Meaning of the notation $L^2(\mathbb{R}^3)$ and its generalization I'm not sure whether this question really belongs to this website. In quantum physics texts, and physics stackechange website, I have often seen the notation $L^2(\mathbb{R}^3)$. My glossary of mathematical notations are limited. What does this symbol precisely mean?
I think $L^2$ is a vector space of square-integrable functions in three-dimensional space $\mathbb{R}^3$. Is there anything more to it? What are some generalization of this notation?
 A: The space $L^2(\mathbb{R}^3)$ is indeed the vector space of all square-integrable functions from $\mathbb{R}^3$ into $\mathbb R$. Here, integrable means Lebesgue-integrable. This space has a natural norm: $\|f\|_2=\sqrt{\int_{\mathbb{R}^3}f^2}$.
More generally, if $p\geqslant1$ you have the space $L^p(\mathbb{R}^n)$ of all functions $f\colon\mathbb{R}^n\longrightarrow\mathbb R$ such that $|f|^p$ is Lebesgue-integrable. The natural norm here is $\|f\|_p=\left(\int_{\mathbb{R}^n}|f|^p\right)^{1/p}$.
A: That's all it is: the space of square integrable functions on $\mathbb R^3$. In set builder notation, $$L^2(\mathbb R^3) = \left\{f: \mathbb R^3 \to \mathbb C : \int_{\mathbb R^3} \lvert f(x) \rvert^2 dx < \infty \right\}.$$ This space is a complete inner-product space (i.e. a Hilbert space) with inner product $$\langle f,g \rangle = \int_{\mathbb R^3} f(x) \overline{g(x)} dx, \,\,\,\,\, f,g \in \mathbb R^3.$$ You  can read about this space (and the related $L^p(\mathbb R^3)$ spaces for $p \ge 1$) here: https://en.wikipedia.org/wiki/Lp_space. You can also change the underlying space from $\mathbb R^3$ to any measure space $X$.
A: One technicality that might be good to know but seldom needs to be considered:
The elements in $L^p(X)$ for some measure space $X$ are actually equivalence classes of functions.
If two functions $f$ and $g$ differ on a null set (a set of length/area/volume $0$, e.g. at a few points) then they cannot be differed by integration. That would make $\|f-g\| = 0$ although $f \neq g$, and $\|\cdot\|$ would not be a norm. Therefore functions differing only on null sets are considered equal (belonging to the same equivalence class), and $L^p(X)$ is then technically a set of equivalence classes.
A: Strictly speaking, it’s not a set of functions.

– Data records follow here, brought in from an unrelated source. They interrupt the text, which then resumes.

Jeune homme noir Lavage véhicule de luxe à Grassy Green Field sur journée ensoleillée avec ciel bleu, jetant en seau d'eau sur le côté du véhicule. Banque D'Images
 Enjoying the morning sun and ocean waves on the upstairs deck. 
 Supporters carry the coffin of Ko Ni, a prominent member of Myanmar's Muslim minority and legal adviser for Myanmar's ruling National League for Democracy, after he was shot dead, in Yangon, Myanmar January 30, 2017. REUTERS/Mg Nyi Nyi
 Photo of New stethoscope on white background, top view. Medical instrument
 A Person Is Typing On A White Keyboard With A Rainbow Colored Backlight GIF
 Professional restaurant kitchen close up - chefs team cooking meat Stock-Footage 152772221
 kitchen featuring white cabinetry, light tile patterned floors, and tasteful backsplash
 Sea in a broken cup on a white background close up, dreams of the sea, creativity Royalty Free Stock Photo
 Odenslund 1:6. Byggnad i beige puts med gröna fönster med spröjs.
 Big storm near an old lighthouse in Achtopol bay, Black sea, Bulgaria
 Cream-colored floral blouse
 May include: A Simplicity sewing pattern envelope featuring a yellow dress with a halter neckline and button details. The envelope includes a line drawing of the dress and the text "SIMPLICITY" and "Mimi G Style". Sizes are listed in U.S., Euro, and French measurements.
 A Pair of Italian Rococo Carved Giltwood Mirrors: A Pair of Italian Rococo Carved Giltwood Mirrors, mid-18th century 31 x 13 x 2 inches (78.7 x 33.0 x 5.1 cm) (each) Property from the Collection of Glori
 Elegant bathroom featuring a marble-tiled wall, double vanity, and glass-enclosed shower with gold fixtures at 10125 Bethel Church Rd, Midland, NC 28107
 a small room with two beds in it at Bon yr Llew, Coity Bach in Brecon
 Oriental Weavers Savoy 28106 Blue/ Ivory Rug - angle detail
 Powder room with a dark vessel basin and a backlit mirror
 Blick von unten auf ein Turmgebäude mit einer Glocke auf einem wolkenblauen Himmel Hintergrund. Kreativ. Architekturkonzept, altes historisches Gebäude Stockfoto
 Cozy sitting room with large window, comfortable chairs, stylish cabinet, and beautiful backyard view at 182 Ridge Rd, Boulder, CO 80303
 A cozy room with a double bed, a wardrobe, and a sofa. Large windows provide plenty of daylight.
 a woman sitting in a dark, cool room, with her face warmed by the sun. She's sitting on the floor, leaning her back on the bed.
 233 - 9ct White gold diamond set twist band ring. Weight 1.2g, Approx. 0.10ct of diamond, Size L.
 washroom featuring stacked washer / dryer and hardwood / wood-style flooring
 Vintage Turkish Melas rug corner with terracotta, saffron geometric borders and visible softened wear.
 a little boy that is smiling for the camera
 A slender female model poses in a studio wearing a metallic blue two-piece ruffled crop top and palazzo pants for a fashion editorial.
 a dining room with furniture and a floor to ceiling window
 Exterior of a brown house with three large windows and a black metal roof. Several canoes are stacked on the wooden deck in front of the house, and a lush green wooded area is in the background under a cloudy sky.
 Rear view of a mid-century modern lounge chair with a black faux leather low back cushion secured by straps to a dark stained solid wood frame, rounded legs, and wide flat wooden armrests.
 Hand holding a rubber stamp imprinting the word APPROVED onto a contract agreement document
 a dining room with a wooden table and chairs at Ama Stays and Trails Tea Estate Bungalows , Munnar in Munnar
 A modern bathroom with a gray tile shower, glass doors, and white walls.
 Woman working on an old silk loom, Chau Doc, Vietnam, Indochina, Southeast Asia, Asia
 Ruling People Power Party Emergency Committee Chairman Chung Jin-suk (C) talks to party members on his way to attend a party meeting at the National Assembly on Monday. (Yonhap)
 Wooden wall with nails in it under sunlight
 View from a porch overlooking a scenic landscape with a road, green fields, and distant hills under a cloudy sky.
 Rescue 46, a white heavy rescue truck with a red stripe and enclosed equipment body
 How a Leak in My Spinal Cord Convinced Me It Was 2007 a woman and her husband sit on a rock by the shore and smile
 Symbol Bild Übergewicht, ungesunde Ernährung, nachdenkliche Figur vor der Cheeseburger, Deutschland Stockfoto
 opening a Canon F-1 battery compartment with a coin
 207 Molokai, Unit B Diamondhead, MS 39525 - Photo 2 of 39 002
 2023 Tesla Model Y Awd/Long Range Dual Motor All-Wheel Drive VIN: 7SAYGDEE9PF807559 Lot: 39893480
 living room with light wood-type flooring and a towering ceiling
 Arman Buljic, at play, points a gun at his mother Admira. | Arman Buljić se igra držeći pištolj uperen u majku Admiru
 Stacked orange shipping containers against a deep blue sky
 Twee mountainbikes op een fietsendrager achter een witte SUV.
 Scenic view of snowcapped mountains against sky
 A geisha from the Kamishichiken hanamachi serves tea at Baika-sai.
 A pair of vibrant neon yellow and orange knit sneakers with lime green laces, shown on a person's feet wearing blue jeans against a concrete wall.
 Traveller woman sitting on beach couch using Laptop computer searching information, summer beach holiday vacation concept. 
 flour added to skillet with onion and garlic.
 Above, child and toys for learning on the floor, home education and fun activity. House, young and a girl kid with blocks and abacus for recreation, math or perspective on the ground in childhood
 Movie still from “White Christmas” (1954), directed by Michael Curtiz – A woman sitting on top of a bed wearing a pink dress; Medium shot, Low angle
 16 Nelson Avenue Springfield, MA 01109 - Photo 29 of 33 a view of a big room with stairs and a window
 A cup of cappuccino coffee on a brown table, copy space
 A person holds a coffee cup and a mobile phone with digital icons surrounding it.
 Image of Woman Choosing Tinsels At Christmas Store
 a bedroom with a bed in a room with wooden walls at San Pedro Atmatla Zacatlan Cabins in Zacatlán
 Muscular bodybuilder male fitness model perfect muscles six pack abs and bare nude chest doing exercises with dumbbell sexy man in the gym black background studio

It’s a set of equivalence classes of functions where the equivalence is square integrable functions that differ only by sets of measure zero. See md2perpe’s answer.
Since you tagged mathematical physics, a reason this comes up so much in quantum mechanics is because $L^p(\mathbb{R}^d)$ is a Hilbert space and self-dual (to $L^q(\mathbb{R}^d)$) when $p=2$ since $$\frac{1}{p}+\frac{1}{q}=1.$$
Also, it’s worth mentioning that most states aren’t actually in $L^2(\mathbb{R}^d)$ at all, but something called a rigged Hilbert space. For an example, see the harmonic oscillator, i.e. non-compact oscillating states.
A: In measure theory, $L^p(\Omega)$ can be defined for various spaces and various measures. However, $p\geq 1$ is always necessary to make sure the operation
$$
\|f\|_{L^p}= \sqrt[p]{\int_{\Omega}|f(x)|^p\ \mathrm{d}\mu(x)}
$$
is actually a norm. Some cases you might be interested in:


*

*$\Omega$ is some simple subset of $\mathbb{R}^p$ (a hypercube for example) and $\mu$ is the (usual) lebesgue measure

*$\Omega$ as above and $\mu$ is a weighted lebesgue measure. That is, roughly speaking, $\mathrm{d}\mu(x) = g(x)\mathrm{d}x$ for some positive weight function $g$. This yields (ignoring differences between rieman integrals and lebesgue integrals)


$$\|f\|_{L^p}^p=\int_\Omega |f(x)|^p\mathrm{d}\mu(x) = \int_\Omega |f(x)|^pg(x)\mathrm{d}x$$
A: The concept of Bochner integration allows one to define the spaces $L^p(X;Y)$ for $X,Y$ Banach spaces. They are like the normal $L^p$ spaces but take values in $Y$.